Woorden en uitdrukkingen om te onthouden

  • der Ausflug - de uitstap
  • die Elefanten, die Affen, die Pinguine - respectievelijk olifanten, apen, pinguïns
  • die Landschaft - het landschap
  • der Picknickkorb - de picknickmand
  • natürlich gestaltet - natuurlijk ingericht
  • der Tierpark - het dierenpark

Werkwoordvervoegingen en zinsstructuren

De les behandelt belangrijke werkwoorden zoals unternehmen (ondernemen), freuen (zich verheugen), möchten (willen) en werden (zullen). Je oefent verschillende tijden, vooral Präsens (tegenwoordige tijd) en Perfekt (voltooide tijd). Een voorbeeld is:

Jeden Samstag unternehmen wir einen Ausflug in den Zoo.

De werkwoordsvervoegingen zijn duidelijk weergegeven, bijvoorbeeld:

  • ich unternehme
  • du unternimmst
  • er/sie/es unternimmt
  • wir unternehmen
  • ihr unternehmt
  • sie/Sie unternehmen

Kort verhaal: Familienausflug in den Zoo

Het verhaal beschrijft een familie die op zaterdag een uitstap naar de dierentuin maakt. Het maakt gebruik van veelvoorkomende werkwoorden en tijdsvormen en dient als voorbeeld om taalgebruik in context te begrijpen en te oefenen:

Am Samstag unternehmen meine Frau, meine Kinder und ich einen Ausflug in den Zoo. Wir haben diesen Ausflug letztes Jahr nicht unternommen, deshalb freue ich mich sehr darauf...
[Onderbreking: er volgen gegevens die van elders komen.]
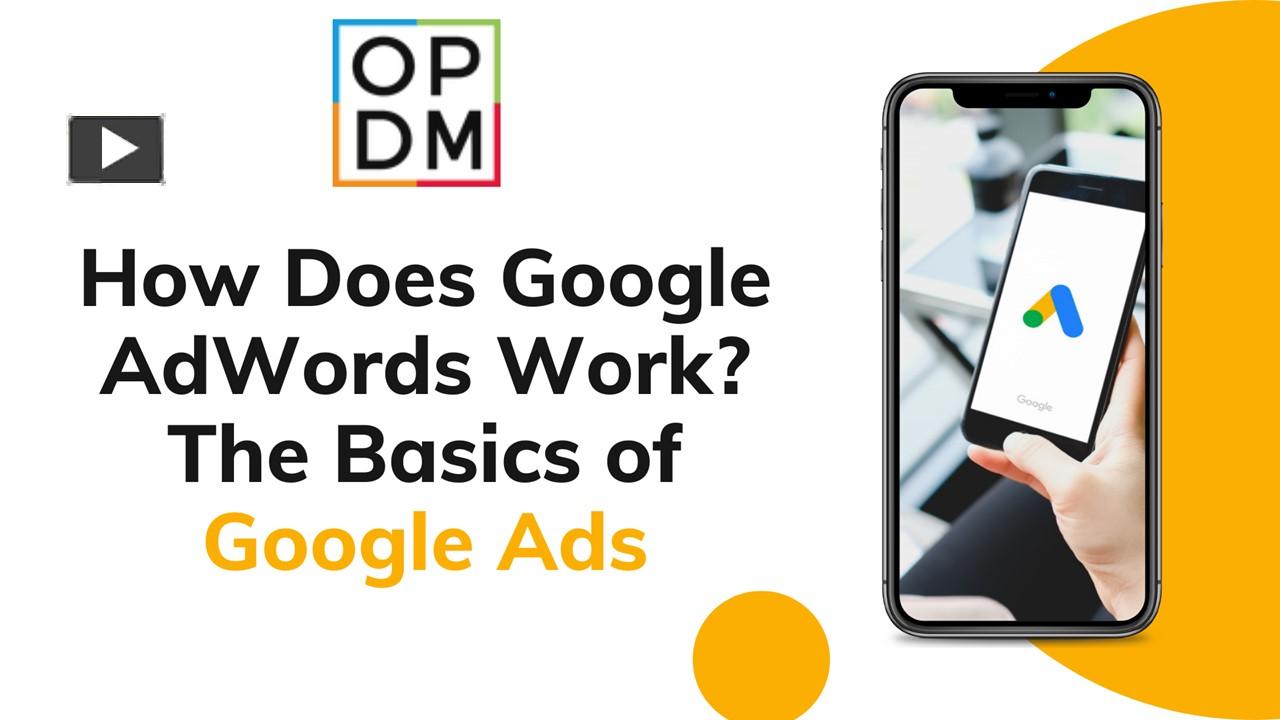 PPT How Does Google AdWords Work? The Basics of Google Ads PowerPoint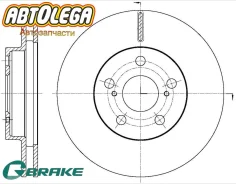 ���� ��������� ���. G-brake Toyota Prius ZVW35 ZVW30 Lexus CT200h ZWA10 GR-21160 ����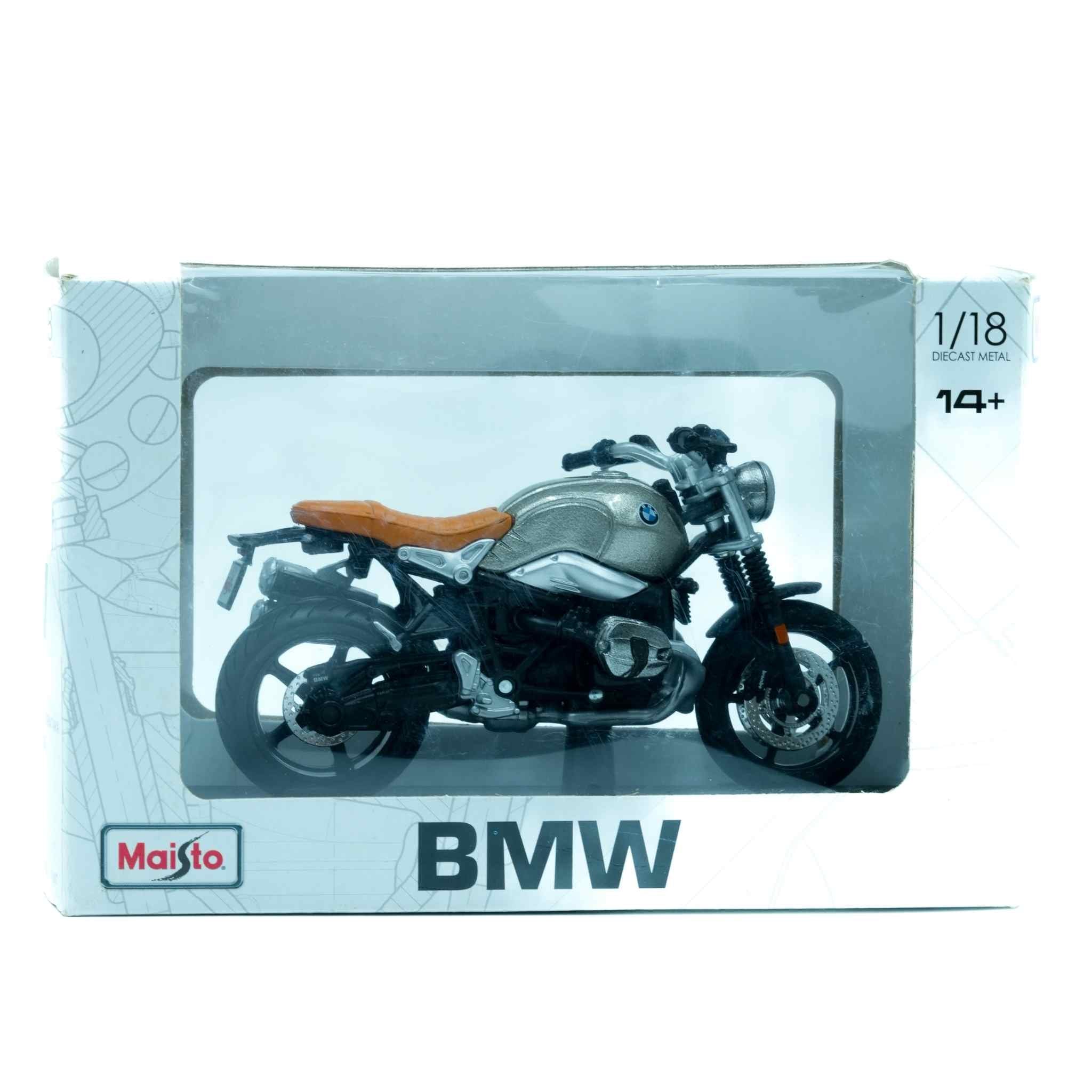 BMW R nineT Diecast Bike Model Classic Motorcycle Collectible Display 4 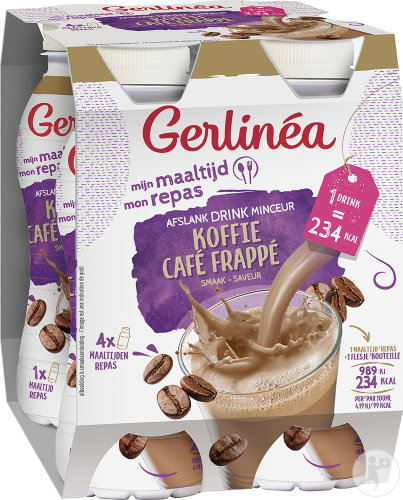 Gerlinéa Mon Repas À Boire Saveur Café Frappé Bouteilles 4x236ml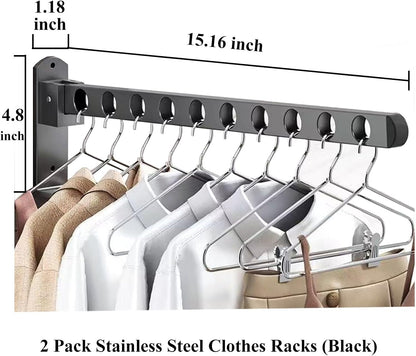 Stainless Steel Clothes Sock Drying Rack with 24 Clips, Swivel Hook Windproof Clothes Hanger Rack for Sock, Bras, Towel, Underwear, Laundry Clothes, Hat, Scarf, Pants, Gloves (Pink Clips)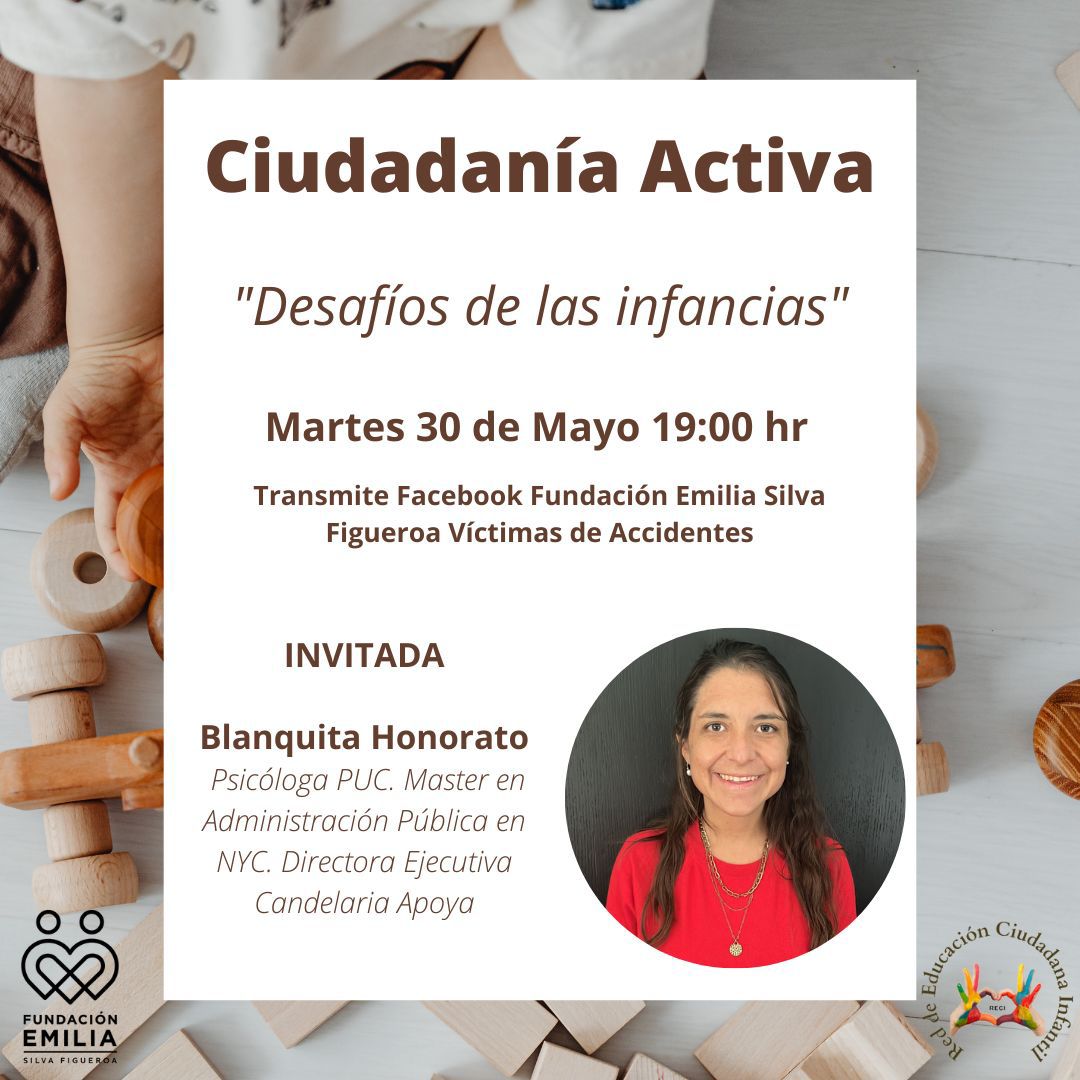 Blanquita Honorato participó en programa de Fundación Emilia donde se ahondó en las amenazas que enfrentan niños, niñas y adolescentes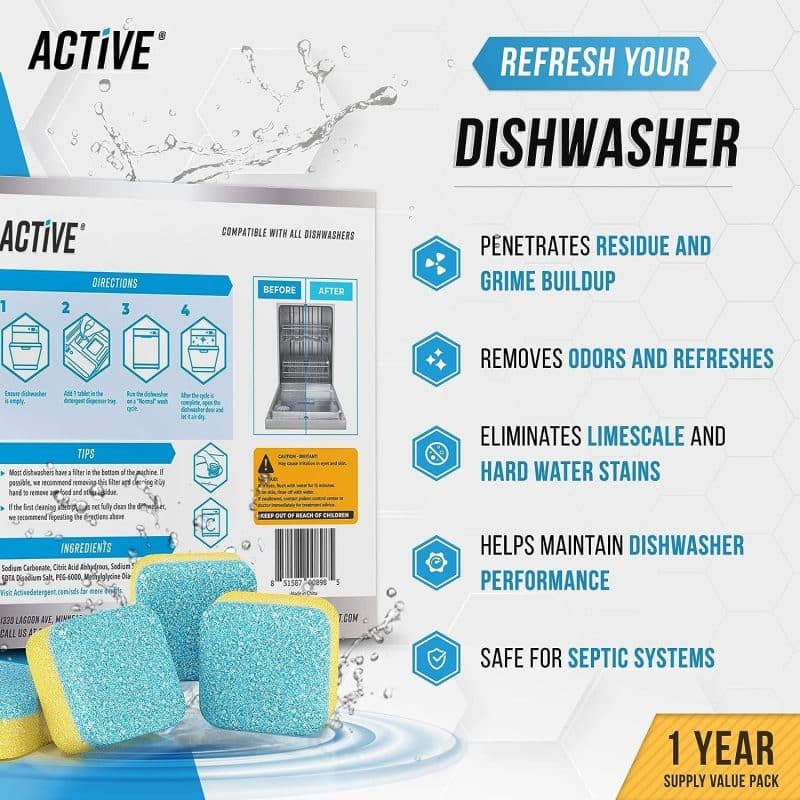 ACTIVE Appliance Cleaning Tablets - Image 4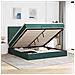 Struttura Letto Pouf con Materassi 160x200 cm Velluto - Foto miniatura 2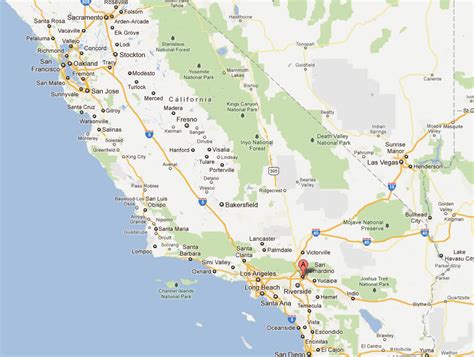 San Bernardino California Karte
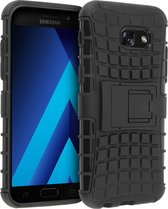 Geschikt voor Samsung Galaxy A5 2017 Shockproof Case met Metalen riemclip zwart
Verschillen tussen het Nederlands en Duits in deze les

Hoewel Nederlands en Duits beide Germaanse talen zijn, zijn er enkele verschillen die opvallen in deze les:

  • Werkwoordvolgorde: In het Duits staat het werkwoord vaak op de tweede positie in hoofdzinnen, maar aan het einde in bijzinnen. Nederlands volgt vergelijkbare regels, maar de nuances kunnen verschillen.
  • Modale werkwoorden: In het Duits wordt möchten gebruikt voor beleefde wensen, vergelijkbaar met het Nederlandse zou willen.
  • Zelfstandige naamwoorden: Duitse zelfstandige naamwoorden worden altijd met hoofdletters geschreven, wat in het Nederlands niet het geval is.

Handige zinnen en woorden met Nederlandse equivalenten

  • Was möchtest du im Zoo sehen? – Wat wil je in de dierentuin zien?
  • Wir werden morgen früh fahren. – We zullen morgenochtend vertrekken.
  • Die Landschaft ist abwechslungsreich. – Het landschap is afwisselend.
  • Den Picknickkorb mitnehmen. – De picknickmand meenemen.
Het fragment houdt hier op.